In China hat es viel mehr häusliche Gewalttaten gegen Frauen gegeben seit Beginn der Ausgangssperre. Drei mal so viele Frauen baten um Hilfe, berichtete eine chinesische Frauenberatungsstelle. Seit nun in Deutschland ein Kontaktverbot gilt, Menschen zuhause bleiben müssen, Kneipen, Cafés und andere öffentliche Orte geschlossen haben, befürchten Expert*innen auch hier einen Anstieg von häuslicher und sexueller Gewalt gegen Frauen und Kinder. Der Bundesverband der Frauenberatungsstellen warnt, dass Betroffene nun Täter*innen ohne Ausweichmöglichkeit ausgeliefert sind. Deshalb ermutigt der Verband Betroffene, sich Hilfe zu holen, fordert Zeug*innen auf, Zivilcourage zu zeigen und Betroffenen Hilfe anzubieten, wenn sie Gewalttaten mitbekommen.
Von wegen alle Menschen sind gleich
Das macht deutlich, dass die Coronakrise nicht nur eine gesundheitliche Talfahrt bedeutet. Die Pandemie ist eine soziale Krise, die unter anderem Frauen besonders hart trifft. Gewalt, die statistisch gesehen überwiegend von Männern gegen Frauen ausgeübt wird, zeigt wie dünn der vermeintliche Konsens von „alle Menschen sind gleich“ eigentlich ist. 122 Frauen wurden 2018 von ihren Partnern ermordet, das ist eine Person alle drei Tage. Wie werden die Zahlen Ende 2020 aussehen, wenn Menschen womöglich monatelang zusammen in Wohnungen gesperrt waren? Sollte man da nicht was machen? Und warum eigentlich erst jetzt?

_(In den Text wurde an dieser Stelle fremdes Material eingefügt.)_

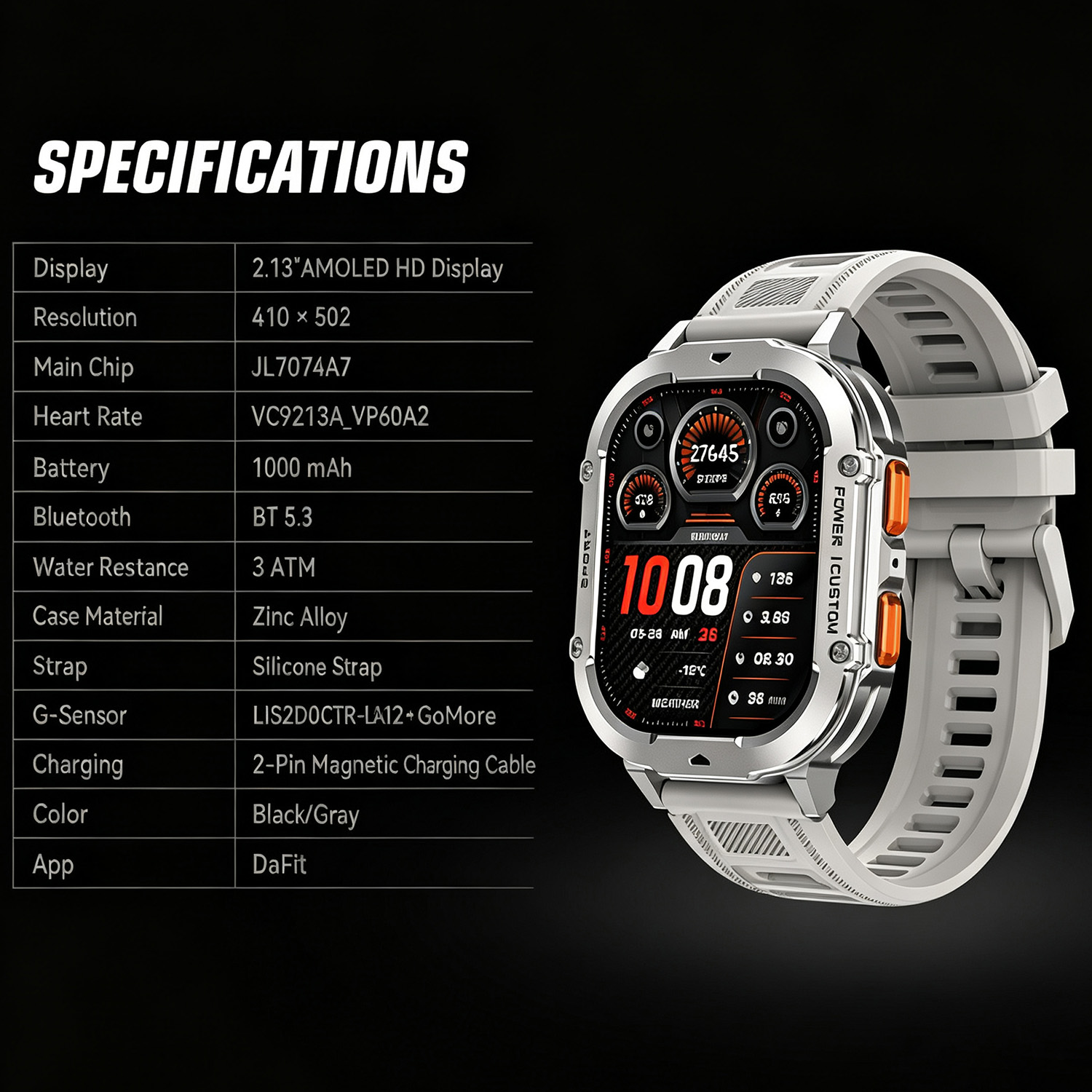LEADOYS X7 Zegarek Smartwatch  – Watch X7 recenzja i cena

Das Bittere ist, dass vermutlich nicht viel passieren wird. Einen Rettungsschirm für die Wirtschaft hat die Politik im Nu aufgespannt. Wenn aber Frauen und Kinder auf die Fresse kriegen, scheint nicht genug Geld für Frauenhäuser, Beratungsstellen und Jugendamt-Maßnahmen da zu sein. Wie seit Jahren schon. Denn die Coronakrise erschafft das Problem nicht erst. Das Problem überlasteter Hilfeeinrichtungen für Opfer von häuslicher und sexueller Gewalt gibt es schon lange. Es interessiert nur sonst niemanden. Ausgenommen mal kurz nach #metoo.

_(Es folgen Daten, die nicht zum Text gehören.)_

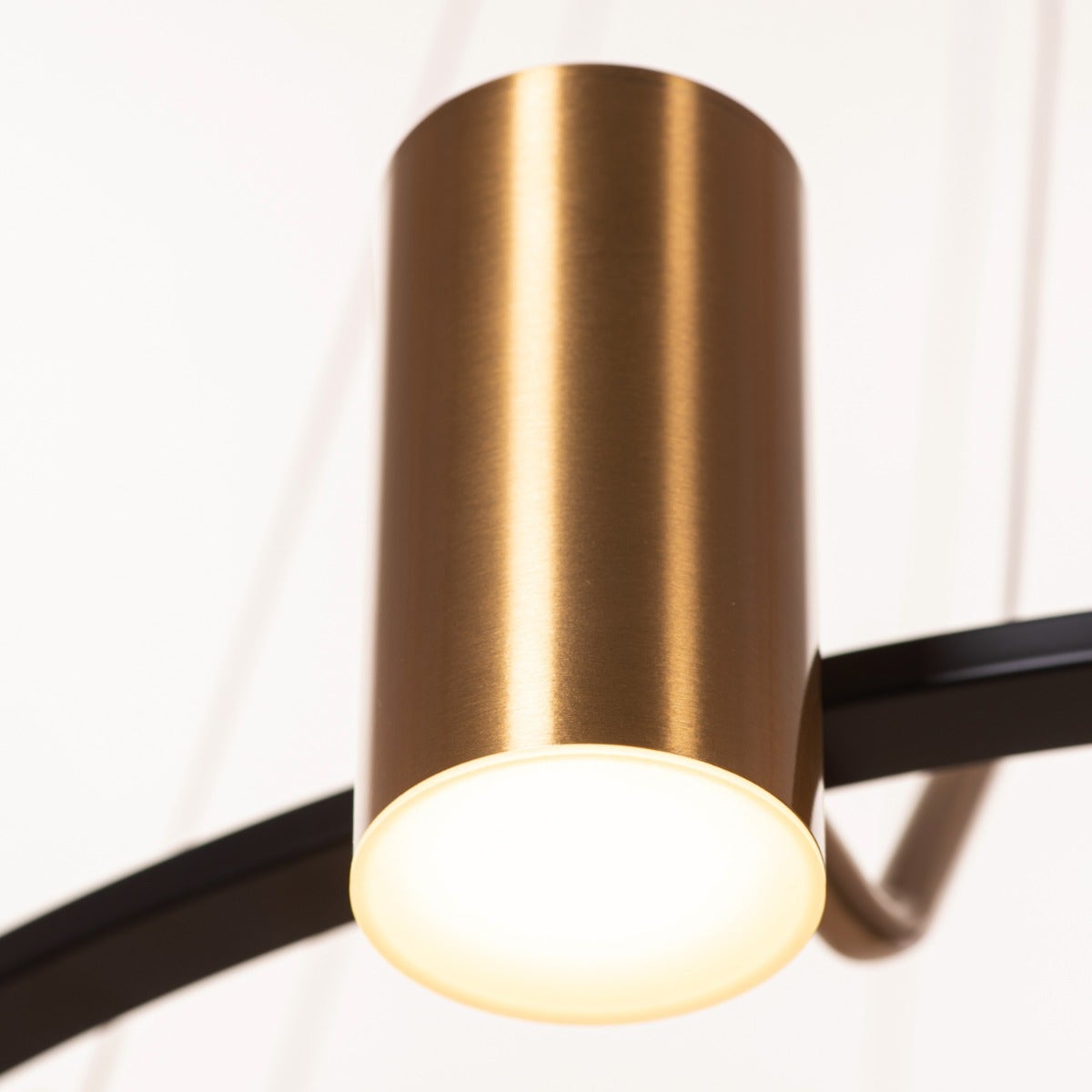 Alive On Grid Power (Large, Gold, Dimmable LED with Remote Control) Chandelier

Was ist eigentlich los in dieser Gesellschaft, wo es so klar zu sein scheint, dass Fabriken weiter offen bleiben, aber soziale Treffpunkte für Menschen schließen müssen? Wieso ist Geld da, um Firmen und Fabriken zu retten, aber nicht um Gewaltbetroffene zu schützen und unterstützen?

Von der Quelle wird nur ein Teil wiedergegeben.